NIMONA
US, 2023, 11 minutes, Colour.
Voices of: Chloe Grace Moretz, Riz Ahmed, Eugene Lee Yang, Frances Conroy, Lorraine Toussaint, Beck Bennett, RuPaul, Nate Stevenson, Nick Bruno, Troy Quane.
Directed by Nick Bruno, Troy Quane.
This is an animated feature, geared for a more adult audience. It is based on a graphic novel by ND Stevenson. Part of the interest and intrigue of the film is its animation style, the backgrounds of knighthood in castles in something of the Arthurian vein, the range of characters and their depiction, but, especially, Nimona who is an exotic creature, a shape-shifter, young, energetic, serious but with a sense of humour, irony, coming to the rescue of a knight in distress, using all her shape-shifting talents (vividly visualised) in her quests, battles, achievements. She is voiced with emphasis on conviction by Chloe Grace Moretz.

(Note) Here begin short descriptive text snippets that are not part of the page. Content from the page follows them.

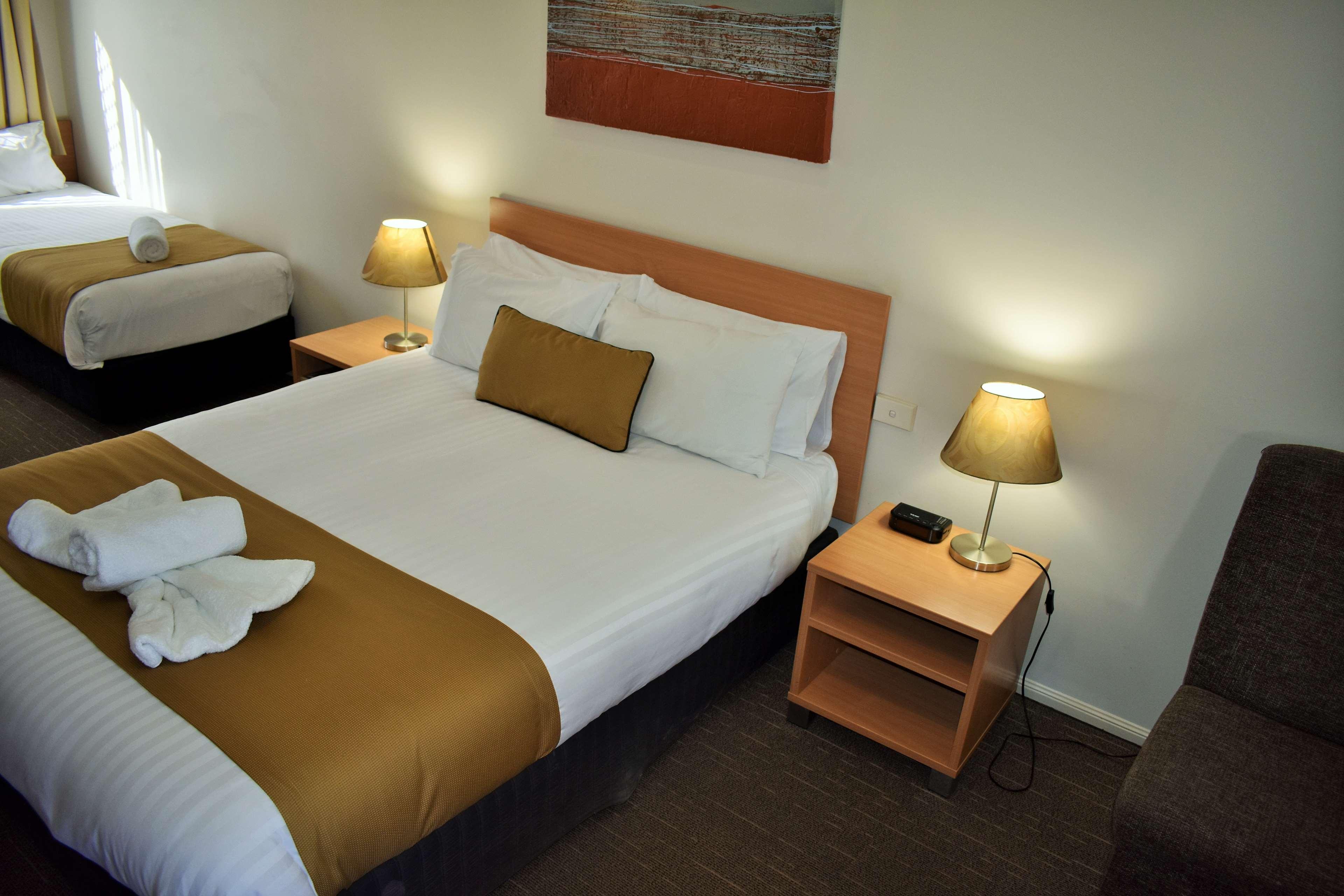 Best Western Tuscany On Tor Motor Inn Тувумба Экстерьер фото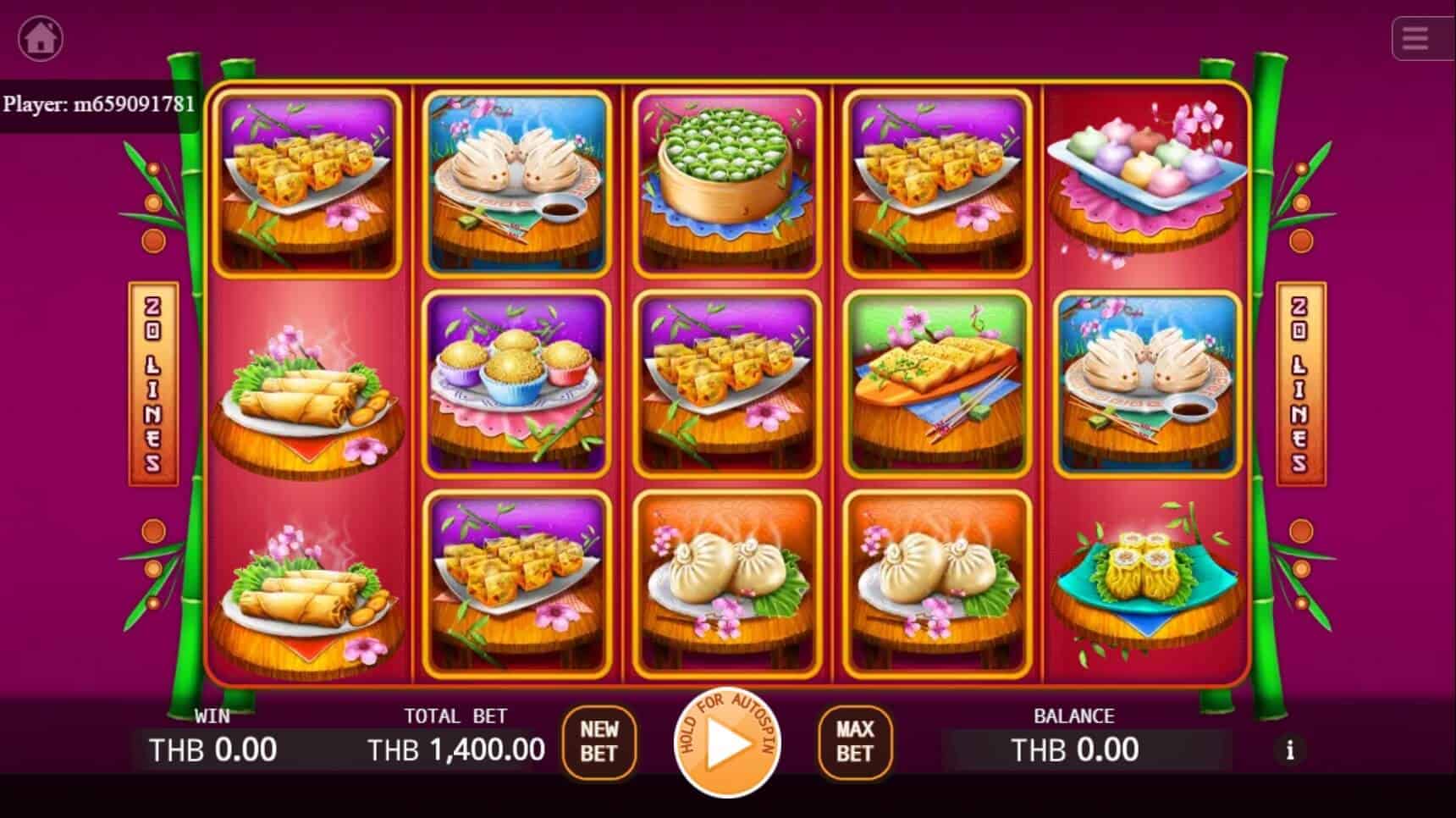 Dim Sum สล็อต เว็บตรง ไม่ผ่านเอเย่นต์ ค่าย KA Gaming joker888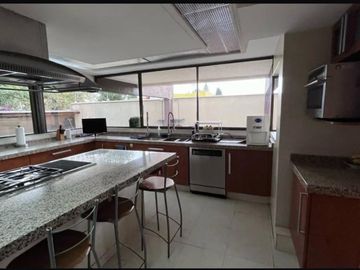 Casa en Venta en Bosque de las Lomas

To that extent, the narrative is something as expected. There is Ballister Boldheart (voiced by Riz Ahmed), a commoner raised into a Knight’s world, involved in battle, losing an arm (and getting a robotic replacement), involved in the death of the Queen, on the run, in need of saving, in need of reinstatement. And, Nimona is continually his saviour. The other principal character is an actual Knight, Ambrosia’s Goldenloin (Eugene Lee Yang). He has been in confrontation with Ballister but they reunited, a bond growing between them. And so, a range of adventures, shape shifting, final restoration.
However, the graphic novel and the film version have led to quite a number of discussions about identity, sexual identity, gender, transgender, same-sex love.
Nimona is something of a they rather than she. Nimona has elements of both boy and girl and can shape shift to either. There is also a queer subtext surfacing, the relationship between Ballister and Ambrosiaus, comradeship, affection, and then naming it as love.
(The writer of the original graphic novel ND Stevenson - who voices a character as do the directors - later came out as a trans-man.)
So, an adult animation film but also a dramatisation of contemporary gender identity issues.